Legal Tip of the Week – 05/5/17!
In an interesting overlap between trust and inheritance tax laws, a recent NJ case shows us that transfers to trust are not exempt from inheritance taxes when the Grantor(s) retains benefits or strings of control. As some of you may already know, the State of NJ does not have a gift tax for gifts made during lifetime except that when gifts are made within 3 years from the date of death, these gifts will be brought back into the estate for the purposes of calculating inheritance taxes. NJ is one of the few states that imposes an inheritance tax for assets passing to anyone other than a spouse, parent(s), child, stepchild, or grandchild a/k/a/ Class A beneficiaries
In the case of the Estate of Mary Van Riper v. Director, the clients had transferred their home into an irrevocable trust. The trust allowed them to live in the home until their deaths but then after both of their deaths, the home would pass to their niece. The estate argued that the home had been “gifted” into the trust more than 3 years from the date of death of the clients so this asset should not be subject to inheritance taxes; however the court held that by retaining the ability to live in the home until their deaths, the Grantor-clients had not made a completed gift and as such the asset was indeed going to be subject to inheritance taxes.

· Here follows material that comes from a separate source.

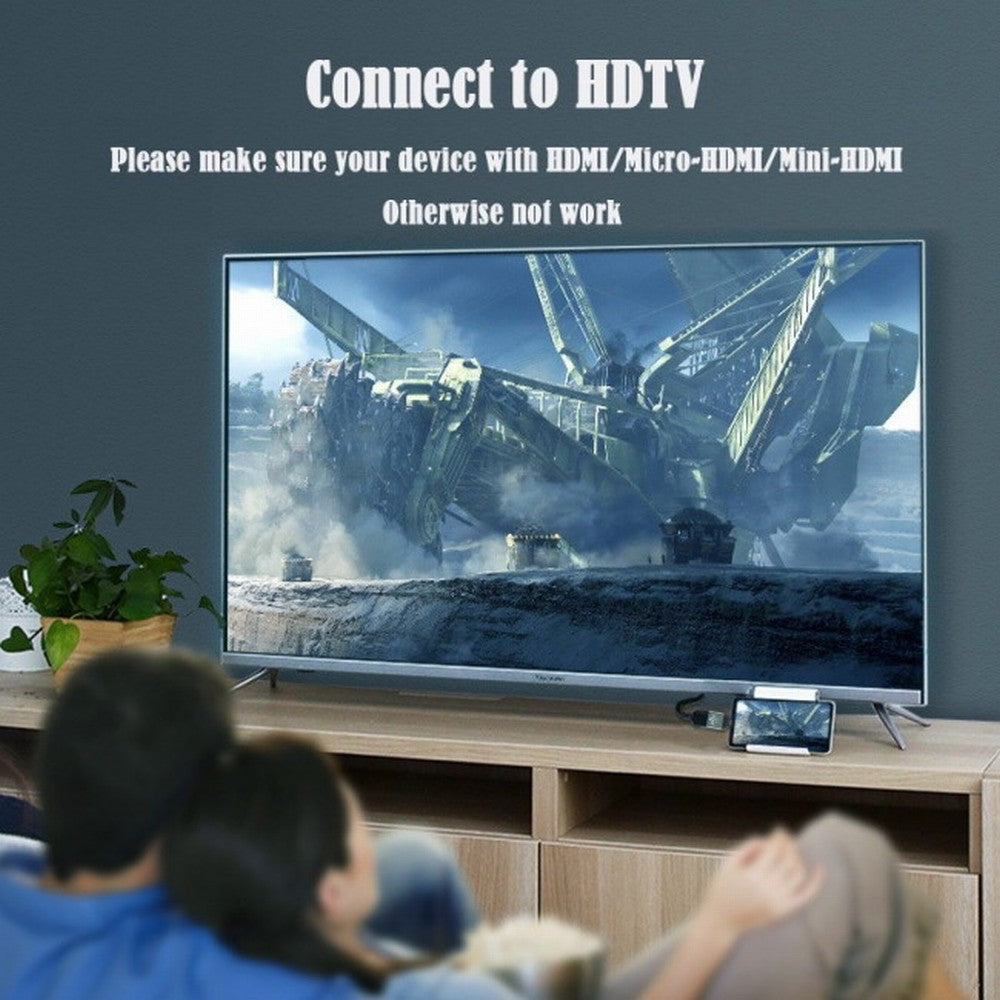 Chenyang 3pcs/set Micro Mini HDMI to HDMI 1.4 Female 2-in-1 Combo Adapter 4K@60hz HD-013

The solution therefore is to have the Grantors make a completed gift of the home into the trust but then work out a rental agreement with the Trustee(s) of the trust based on an arm’s length transaction so that the Grantors can continue to live in the home paying rent each month; the disadvantages here are the loss of the “stepped-up” basis afforded to the home upon transfer to the trust as well as the disallowance of the property tax exemptions that would normally have been available for a primary residence. Consult an estate planning attorney who can guide you on the pros and cons of such transfers applicable to your specific case.